The proposed rule to amend the H-2A program also includes certain provisions to tighten up the security and integrity of the visa program. Changes to current regulations regarding security/integrity issues include: requiring employers to attest to the scope of the proposed H-2A employment and their use of recruiters to find H-2A workers; limiting the employers’ and recruiters’ ability to charge fees to prospective H-2A workers; getting rid of employers’ ability to file H-2A petitions without first having an approved temporary labor certification; and restricting the approval of an H-2A petition from individuals from countries that consistently refuse or unreasonably delay the repatriation of their nationals.

USCIS Suggests Certain H-1B Cap Exempt Petitions Should be Sent to CSC

USCIS announced last week that it is introducing a new initiative to streamline H-1B petition adjudications. On February 1, 2008, USCIS introduced a special group at their California Service Center dedicated solely to processing H-1B cap exempt petitions. These petitions include those filed by institutions of higher education, nonprofit associations that are affiliated with institutions of higher education and nonprofit or governmental research organizations.

Note that the cap-exempt petitions that will be adjudicated by this special group do not include H-1B petitions filed on behalf of individuals seeking exemption based on their level of education (having a U.S. master’s degree or higher), those requesting an extension of stay, those wishing to change employers or those requesting an amendment to their petitions. These petitions should continue to be sent to originally stated addresses. However, petitioners requesting exemption based on the three criteria stated above (institutions of higher education, nonprofit associations affiliated with institutions of higher education and nonprofit or governmental research organizations) should, according to USCIS, start using a new mailing address when submitting their H-1B cap exempt petitions:

Direct Mail:

U.S. Citizenship and Immigration Services
California Service Center
ATTN: CAP EXEMPT H-1B Processing Unit
P.O. BOX 30040
Laguna Niguel, CA 92607-3004

Private Couriers:

U.S. Citizenship and Immigration Services
California Service Center
ATTN: CAP EXEMPT H-1B Processing Unit
24000 Avila Road, Room 2312
Laguna Niguel, CA 92677

Note that if a cap-exempt petition is received at a different service center, that petition will be forwarded to the California Service Center for processing and adjudication. This procedure will remain in place until USCIS posts specific filing instructions requiring the submission of these petitions to the California Service Center.

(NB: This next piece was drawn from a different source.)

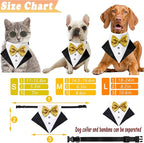 Tuxedo Costume Wedding Bandana Nylon Collar Suit With Gold Bow Tie Adjustable Black Tux Formal Dog Clothes for Small Medium Large Pet Birthday Christmas Dress Outfits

USCIS Faces Backlog in the Processing of Naturalization Applications

According to recent statements by Emilio Gonzalez, Director of U.S. Citizenship and Immigration Services (USCIS), the average processing time for naturalization applications has dramatically increased. Currently, the wait time for these applications is roughly 18 months; an increase from the previous time period of just 7 months. In addition, Gonzalez commented that the average family-based adjustment of status application currently takes 12 months to process. These delays are due to a massive increase in requests for naturalization that were received by USCIS this summer; from June to August 2007, more than 3 million naturalization applications were received.

USCIS does plan to increase its staff and to automate procedures wherever possible; however, the backlog is immense and USCIS is hesitant to comment on when they can return to a standard 6-month average time period for processing naturalization applications.